Task: Please take the lines from the one holding "John Towles holding his prize check" through the one holding "A LOUIS XVI" in the data below and copy them exactly.

'''

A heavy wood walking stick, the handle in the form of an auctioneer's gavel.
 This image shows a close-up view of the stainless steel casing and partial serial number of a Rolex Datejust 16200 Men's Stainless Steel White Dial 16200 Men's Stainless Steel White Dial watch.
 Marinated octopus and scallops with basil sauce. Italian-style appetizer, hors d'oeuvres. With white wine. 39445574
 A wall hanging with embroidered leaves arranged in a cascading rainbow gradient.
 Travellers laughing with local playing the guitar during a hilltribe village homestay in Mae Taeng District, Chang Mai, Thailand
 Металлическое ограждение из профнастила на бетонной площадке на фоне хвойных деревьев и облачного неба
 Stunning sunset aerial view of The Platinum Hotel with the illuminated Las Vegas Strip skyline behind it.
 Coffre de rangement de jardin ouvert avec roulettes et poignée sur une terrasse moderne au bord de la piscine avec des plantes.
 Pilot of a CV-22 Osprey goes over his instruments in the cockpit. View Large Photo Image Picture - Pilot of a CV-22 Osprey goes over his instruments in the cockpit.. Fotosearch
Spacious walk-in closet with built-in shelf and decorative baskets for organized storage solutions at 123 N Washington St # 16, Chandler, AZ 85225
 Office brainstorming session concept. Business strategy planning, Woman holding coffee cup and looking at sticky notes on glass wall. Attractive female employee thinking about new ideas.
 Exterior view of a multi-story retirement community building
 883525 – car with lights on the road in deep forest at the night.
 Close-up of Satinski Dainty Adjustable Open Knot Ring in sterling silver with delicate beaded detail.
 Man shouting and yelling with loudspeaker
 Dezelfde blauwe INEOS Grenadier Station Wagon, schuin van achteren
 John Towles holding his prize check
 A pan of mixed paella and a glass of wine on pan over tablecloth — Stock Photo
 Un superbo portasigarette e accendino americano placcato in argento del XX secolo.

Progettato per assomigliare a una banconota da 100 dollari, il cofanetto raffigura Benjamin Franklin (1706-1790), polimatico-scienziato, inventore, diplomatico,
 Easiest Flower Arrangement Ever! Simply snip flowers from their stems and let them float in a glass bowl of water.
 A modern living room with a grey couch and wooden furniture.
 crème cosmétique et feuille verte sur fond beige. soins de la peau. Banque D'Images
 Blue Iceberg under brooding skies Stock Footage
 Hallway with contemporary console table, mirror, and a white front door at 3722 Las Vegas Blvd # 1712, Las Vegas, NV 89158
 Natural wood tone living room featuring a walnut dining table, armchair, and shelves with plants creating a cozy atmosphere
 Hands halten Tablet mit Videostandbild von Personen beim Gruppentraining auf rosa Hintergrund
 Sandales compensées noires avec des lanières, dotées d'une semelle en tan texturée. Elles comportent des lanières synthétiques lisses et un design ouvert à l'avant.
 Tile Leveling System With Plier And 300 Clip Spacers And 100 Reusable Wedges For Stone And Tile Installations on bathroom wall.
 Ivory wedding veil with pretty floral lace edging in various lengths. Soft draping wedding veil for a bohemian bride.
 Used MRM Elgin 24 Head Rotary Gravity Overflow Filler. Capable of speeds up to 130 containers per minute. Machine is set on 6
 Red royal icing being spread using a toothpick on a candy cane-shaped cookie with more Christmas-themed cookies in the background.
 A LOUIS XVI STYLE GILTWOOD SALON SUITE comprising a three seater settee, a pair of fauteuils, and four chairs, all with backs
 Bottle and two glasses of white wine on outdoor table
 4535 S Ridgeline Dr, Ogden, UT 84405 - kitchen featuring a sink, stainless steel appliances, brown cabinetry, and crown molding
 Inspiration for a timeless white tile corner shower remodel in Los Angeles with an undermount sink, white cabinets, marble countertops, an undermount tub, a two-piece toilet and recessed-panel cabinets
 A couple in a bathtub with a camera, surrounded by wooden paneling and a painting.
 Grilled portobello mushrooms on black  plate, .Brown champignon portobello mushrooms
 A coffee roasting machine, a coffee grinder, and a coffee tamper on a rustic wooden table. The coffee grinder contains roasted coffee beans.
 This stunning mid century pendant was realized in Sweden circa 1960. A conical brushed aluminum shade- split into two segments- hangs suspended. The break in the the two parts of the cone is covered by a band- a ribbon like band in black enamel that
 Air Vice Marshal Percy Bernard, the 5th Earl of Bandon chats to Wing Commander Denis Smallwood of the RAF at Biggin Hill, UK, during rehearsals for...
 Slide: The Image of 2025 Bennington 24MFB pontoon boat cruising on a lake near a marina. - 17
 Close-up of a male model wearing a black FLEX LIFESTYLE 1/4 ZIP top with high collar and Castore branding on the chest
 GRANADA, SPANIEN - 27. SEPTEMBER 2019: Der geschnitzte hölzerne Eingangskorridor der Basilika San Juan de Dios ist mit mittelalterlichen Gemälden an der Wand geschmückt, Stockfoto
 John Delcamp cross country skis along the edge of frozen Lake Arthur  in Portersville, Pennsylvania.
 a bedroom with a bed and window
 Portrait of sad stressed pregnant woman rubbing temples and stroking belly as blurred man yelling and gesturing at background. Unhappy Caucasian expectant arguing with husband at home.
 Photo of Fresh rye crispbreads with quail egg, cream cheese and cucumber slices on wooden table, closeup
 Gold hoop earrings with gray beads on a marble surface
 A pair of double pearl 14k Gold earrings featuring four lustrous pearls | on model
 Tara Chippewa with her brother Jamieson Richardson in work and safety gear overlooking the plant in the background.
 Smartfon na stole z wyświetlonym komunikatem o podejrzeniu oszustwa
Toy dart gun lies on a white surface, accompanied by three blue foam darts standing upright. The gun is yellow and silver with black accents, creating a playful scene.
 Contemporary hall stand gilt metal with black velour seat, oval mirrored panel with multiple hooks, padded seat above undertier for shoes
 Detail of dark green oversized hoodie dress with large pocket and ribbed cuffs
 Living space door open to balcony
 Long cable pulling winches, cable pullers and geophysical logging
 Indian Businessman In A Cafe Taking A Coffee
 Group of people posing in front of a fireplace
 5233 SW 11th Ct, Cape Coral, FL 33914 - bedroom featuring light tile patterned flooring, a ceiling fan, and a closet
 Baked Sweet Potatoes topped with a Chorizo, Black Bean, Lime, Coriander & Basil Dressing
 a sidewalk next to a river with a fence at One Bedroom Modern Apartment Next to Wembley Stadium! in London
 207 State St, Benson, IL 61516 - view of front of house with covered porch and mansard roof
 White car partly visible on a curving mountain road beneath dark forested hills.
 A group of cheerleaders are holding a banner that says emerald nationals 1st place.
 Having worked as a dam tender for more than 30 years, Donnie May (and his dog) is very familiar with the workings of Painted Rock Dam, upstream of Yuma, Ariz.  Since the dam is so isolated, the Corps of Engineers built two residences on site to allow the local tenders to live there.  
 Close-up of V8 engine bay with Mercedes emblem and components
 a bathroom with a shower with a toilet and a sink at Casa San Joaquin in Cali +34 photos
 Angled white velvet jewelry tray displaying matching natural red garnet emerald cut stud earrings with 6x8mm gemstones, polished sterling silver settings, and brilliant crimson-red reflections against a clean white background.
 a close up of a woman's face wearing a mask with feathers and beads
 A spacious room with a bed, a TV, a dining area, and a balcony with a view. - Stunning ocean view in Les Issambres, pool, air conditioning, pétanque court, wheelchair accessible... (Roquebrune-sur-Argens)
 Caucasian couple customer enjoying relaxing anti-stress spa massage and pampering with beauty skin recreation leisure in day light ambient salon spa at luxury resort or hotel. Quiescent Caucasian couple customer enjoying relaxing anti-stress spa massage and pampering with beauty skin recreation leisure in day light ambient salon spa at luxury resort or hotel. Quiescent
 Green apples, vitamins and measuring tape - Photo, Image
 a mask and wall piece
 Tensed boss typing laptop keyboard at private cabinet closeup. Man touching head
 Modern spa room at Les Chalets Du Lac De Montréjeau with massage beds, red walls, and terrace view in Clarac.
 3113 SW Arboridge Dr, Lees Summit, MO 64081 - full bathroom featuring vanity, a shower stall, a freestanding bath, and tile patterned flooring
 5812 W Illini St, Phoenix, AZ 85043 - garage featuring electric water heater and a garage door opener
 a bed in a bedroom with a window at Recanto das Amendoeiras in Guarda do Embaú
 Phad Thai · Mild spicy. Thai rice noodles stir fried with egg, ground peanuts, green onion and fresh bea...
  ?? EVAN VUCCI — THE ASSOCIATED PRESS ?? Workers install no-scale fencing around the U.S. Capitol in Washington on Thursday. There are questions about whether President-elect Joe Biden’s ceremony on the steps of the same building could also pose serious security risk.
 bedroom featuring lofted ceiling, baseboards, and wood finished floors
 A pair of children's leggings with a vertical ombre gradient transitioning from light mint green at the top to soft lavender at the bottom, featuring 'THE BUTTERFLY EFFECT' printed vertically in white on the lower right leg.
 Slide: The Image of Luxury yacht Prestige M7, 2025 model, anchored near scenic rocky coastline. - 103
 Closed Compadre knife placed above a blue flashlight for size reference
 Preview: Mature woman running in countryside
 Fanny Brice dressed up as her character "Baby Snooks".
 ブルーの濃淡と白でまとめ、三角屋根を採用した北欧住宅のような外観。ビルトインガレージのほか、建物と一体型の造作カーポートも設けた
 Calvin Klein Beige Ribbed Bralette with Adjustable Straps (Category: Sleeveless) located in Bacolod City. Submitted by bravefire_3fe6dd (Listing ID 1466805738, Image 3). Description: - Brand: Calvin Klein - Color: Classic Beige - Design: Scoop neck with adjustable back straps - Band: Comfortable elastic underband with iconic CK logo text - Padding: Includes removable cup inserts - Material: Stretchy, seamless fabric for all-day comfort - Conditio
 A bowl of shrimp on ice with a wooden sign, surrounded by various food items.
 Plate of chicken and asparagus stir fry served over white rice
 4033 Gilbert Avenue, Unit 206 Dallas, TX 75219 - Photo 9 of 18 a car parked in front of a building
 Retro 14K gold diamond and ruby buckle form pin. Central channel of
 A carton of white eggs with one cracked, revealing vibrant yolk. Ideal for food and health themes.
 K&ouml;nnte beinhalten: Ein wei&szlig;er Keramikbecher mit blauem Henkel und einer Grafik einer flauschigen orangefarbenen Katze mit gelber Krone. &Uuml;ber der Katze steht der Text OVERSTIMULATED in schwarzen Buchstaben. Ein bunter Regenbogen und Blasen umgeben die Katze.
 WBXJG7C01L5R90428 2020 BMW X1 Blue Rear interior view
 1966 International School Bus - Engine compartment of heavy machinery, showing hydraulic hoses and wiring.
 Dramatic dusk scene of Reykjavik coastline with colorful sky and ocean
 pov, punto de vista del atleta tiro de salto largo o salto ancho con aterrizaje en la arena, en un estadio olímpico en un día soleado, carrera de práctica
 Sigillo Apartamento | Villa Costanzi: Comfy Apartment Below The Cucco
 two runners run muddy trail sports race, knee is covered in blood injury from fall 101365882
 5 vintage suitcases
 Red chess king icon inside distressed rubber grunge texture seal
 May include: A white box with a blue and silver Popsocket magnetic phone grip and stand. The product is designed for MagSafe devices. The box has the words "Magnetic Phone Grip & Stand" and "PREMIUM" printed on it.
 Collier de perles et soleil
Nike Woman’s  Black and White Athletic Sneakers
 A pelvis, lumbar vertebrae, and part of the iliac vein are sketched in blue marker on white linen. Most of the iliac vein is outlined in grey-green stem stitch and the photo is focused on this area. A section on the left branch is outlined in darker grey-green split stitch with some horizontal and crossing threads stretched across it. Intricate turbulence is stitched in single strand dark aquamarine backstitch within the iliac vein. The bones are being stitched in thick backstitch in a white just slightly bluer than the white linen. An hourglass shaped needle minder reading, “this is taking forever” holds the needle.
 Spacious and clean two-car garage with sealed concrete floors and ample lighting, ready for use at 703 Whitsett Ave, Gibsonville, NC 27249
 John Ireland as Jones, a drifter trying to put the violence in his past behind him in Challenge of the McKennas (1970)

'''

Output for this task:
 John Towles holding his prize check
 A pan of mixed paella and a glass of wine on pan over tablecloth — Stock Photo
 Un superbo portasigarette e accendino americano placcato in argento del XX secolo.

Progettato per assomigliare a una banconota da 100 dollari, il cofanetto raffigura Benjamin Franklin (1706-1790), polimatico-scienziato, inventore, diplomatico,
 Easiest Flower Arrangement Ever! Simply snip flowers from their stems and let them float in a glass bowl of water.
 A modern living room with a grey couch and wooden furniture.
 crème cosmétique et feuille verte sur fond beige. soins de la peau. Banque D'Images
 Blue Iceberg under brooding skies Stock Footage
 Hallway with contemporary console table, mirror, and a white front door at 3722 Las Vegas Blvd # 1712, Las Vegas, NV 89158
 Natural wood tone living room featuring a walnut dining table, armchair, and shelves with plants creating a cozy atmosphere
 Hands halten Tablet mit Videostandbild von Personen beim Gruppentraining auf rosa Hintergrund
 Sandales compensées noires avec des lanières, dotées d'une semelle en tan texturée. Elles comportent des lanières synthétiques lisses et un design ouvert à l'avant.
 Tile Leveling System With Plier And 300 Clip Spacers And 100 Reusable Wedges For Stone And Tile Installations on bathroom wall.
 Ivory wedding veil with pretty floral lace edging in various lengths. Soft draping wedding veil for a bohemian bride.
 Used MRM Elgin 24 Head Rotary Gravity Overflow Filler. Capable of speeds up to 130 containers per minute. Machine is set on 6
 Red royal icing being spread using a toothpick on a candy cane-shaped cookie with more Christmas-themed cookies in the background.
 A LOUIS XVI STYLE GILTWOOD SALON SUITE comprising a three seater settee, a pair of fauteuils, and four chairs, all with backs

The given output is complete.